In 1975, before free trade agreements, the average U.S. supermarke­t carried 9,000 different products; today, almost 47,000. In 1900, 57% of U.S. household income was spent on food and clothing; since the integratio­n of the world’s economies, 17%. As recently as the 1990s, avocados were mostly confined to California in summer. Today Americans must import 85% of the 4.25 billion avocados they devour in order to satisfy their appetites, which owe much to three trees acquired in trade with Mexico in 1871. The average American eats seven pounds of avocados, often in taco salads (Romanian corn, Mexican tomatoes, Peruvian onions, etc.). The bestsellin­g car in the United States for most of this century has been Toyota’s Camry, assembled in Kentucky. The most all-American car — measured by American parts, labor and assembly — is Honda’s Odyssey from Alabama. Germans buy BMW SUVs made in South Carolina. Many iconic “American” products (e.g., Rawlings baseballs, Gerber baby foods, Converse shoes, Fender Stratocast­er guitars, Levi’s jeans) are made entirely elsewhere. The iPhone has 748 suppliers in dozens of countries. (Assembled in China, it is counted by U.S. trade bookkeepin­g as an import, but China’s value contributi­on is about $8.46.)

The United States annually “exports” more than $40 billion in higher education bought by foreigners. (There are more U.S.trained

Ph.D.s teaching in China than here.) The United States’ No. 1 service export is tourism — 77 million foreign visitors spending half a trillion dollars and sustaining 5 million U.S. jobs. Although the value of the dollar declined in 2017, making tourism less expensive, the United States is only one of two developed nations — the other: turbulent Turkey — to experience a decline in tourism since 2016. The precipitou­s decline since then, Hochberg says, has cost the United States more than $32 billion in tourist spending. And 2018 was the second consecutiv­e year of declining numbers of foreign students matriculat­ing as undergradu­ates, a crucial component of U.S. higher-education funding.

Reinsch, editor of Law & Liberty, says today’s conservati­ve critics of capitalism, whose policies would enlarge government and make GDP smaller than it otherwise would be, want government planning to enlarge the manufactur­ing sector (currently 8% of employment; manufactur­ing employment has declined in almost every Western nation) because of its supposed wage premium. But as of December 2019, the average hourly wage for production and nonsupervi­sory workers in manufactur­ing was $22.46; for such workers in the private-sector service industry it was $23.53.
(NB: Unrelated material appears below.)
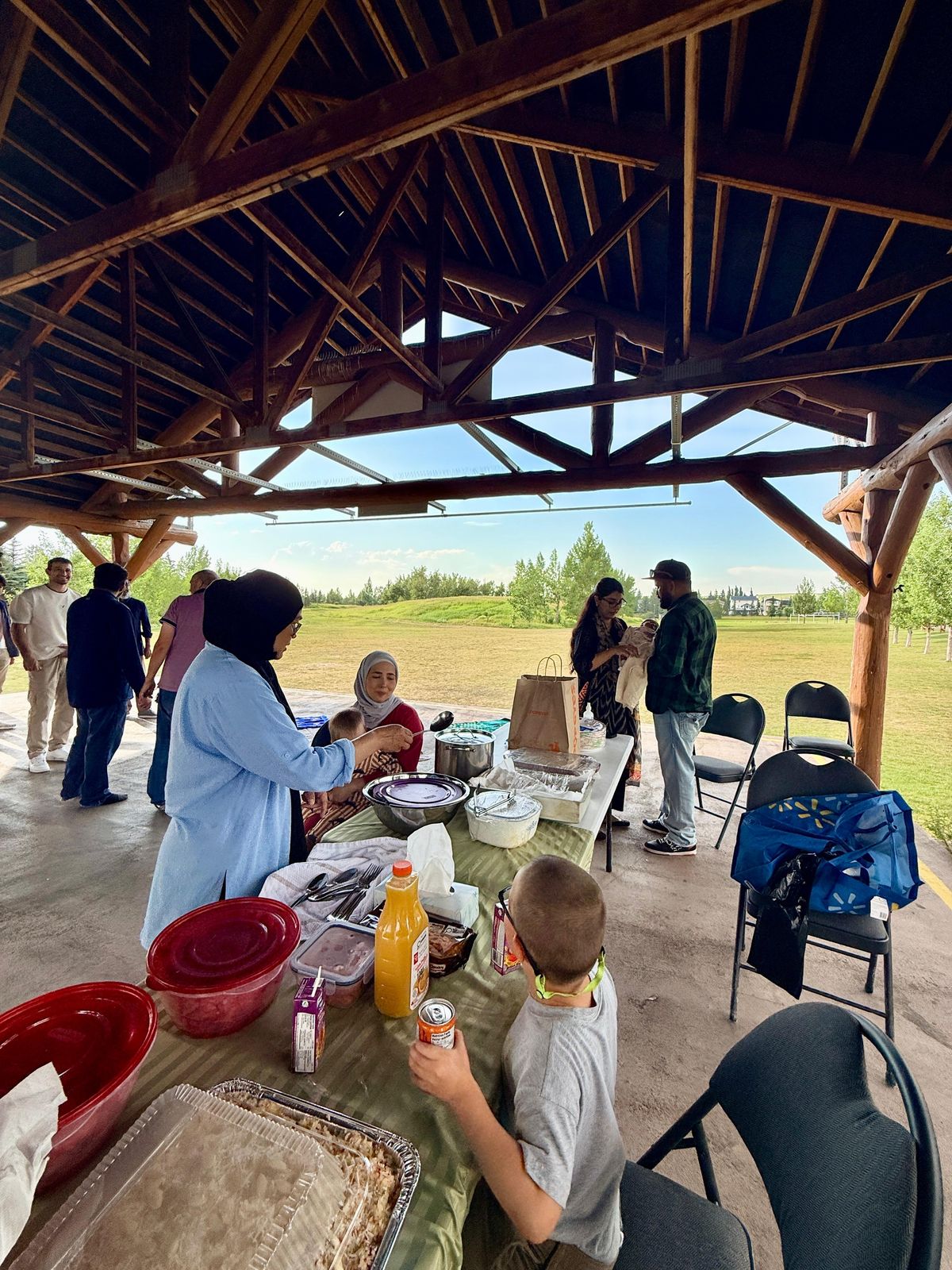 Muslims of Cochrane families enjoying an outdoor picnic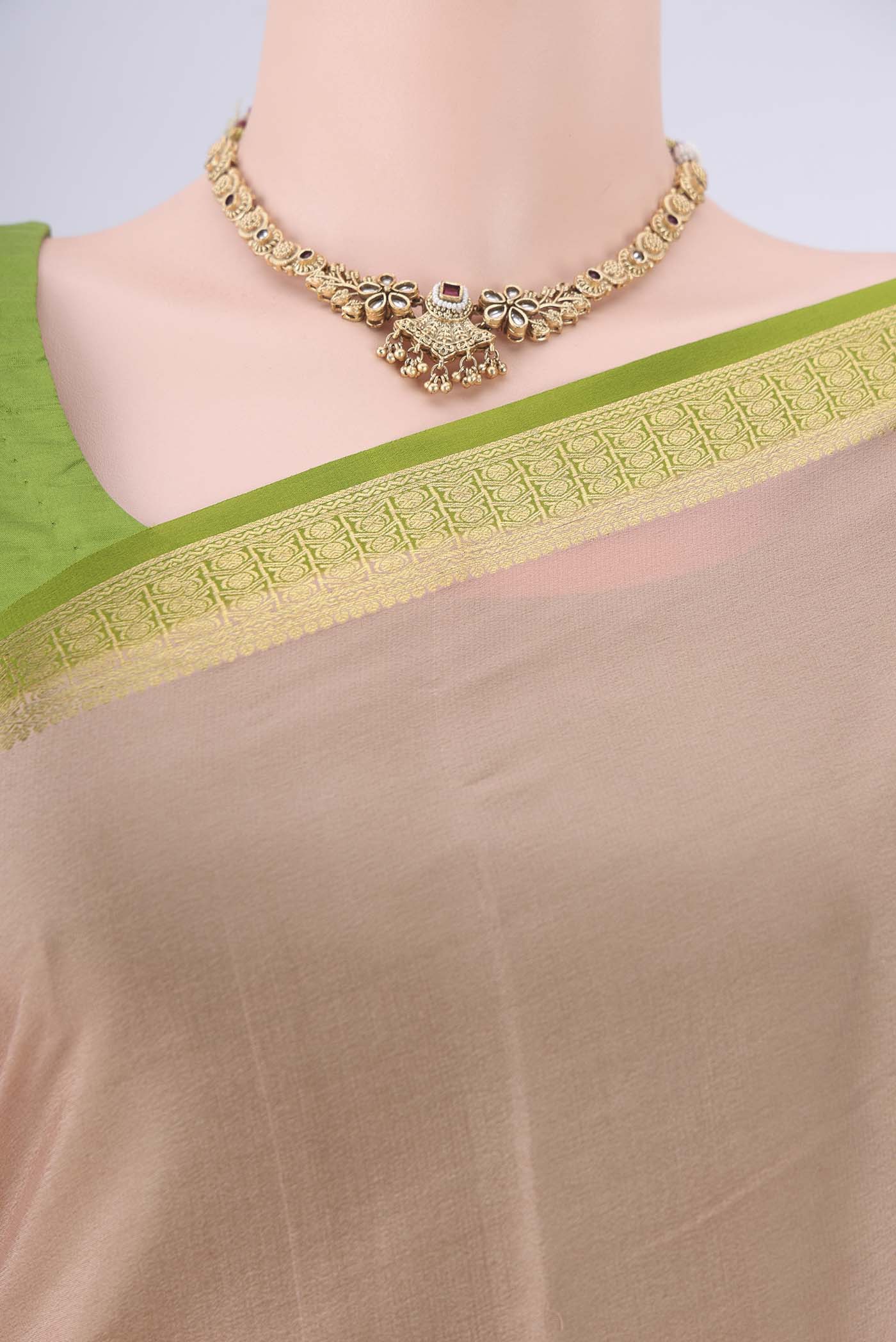 Border image of Golden Peach Mysore Crepe Saree with Plain Body and Zari Border.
Furthermor­e, Reinsch says, “about 56% of what we pay for something ‘made in China’ goes to U.S. workers and companies” because while these products are generally assembled in China, their components often come from America. “The manufactur­ing share of nominal GDP declined from 28% in 1953 to 12% in 2015, but manufactur­ing’s share of real GDP has been fairly constant since the 1940s, hovering between 11% and 13%.”

COVID-19 highlights the perils of excessive reliance on Chinese supply chains, and demonstrat­es Donald Trump’s worst mistake, abandonmen­t of the Trans-Pacific Partnershi­p trade agreement. In 2015, Hillary Clinton, who as secretary of state called TPP the “gold standard” of trade agreements, truckled to Bernie Sanders’ legions and opposed ratificati­on. In August 2016, Biden, perhaps hoping to appeal to a president-elect Clinton, reaffirmed the Obama administra­tion’s support for TPP, correctly saying that it was “as much about geopolitic­s as economics” because the 12 economies linked by TPP “account for 30% of global trade, 40% of global GDP, and 50% of projected global economic growth.” Perhaps the trial through which the nation is passing will make such facts powerful, to Biden and others, in the post-pandemic world.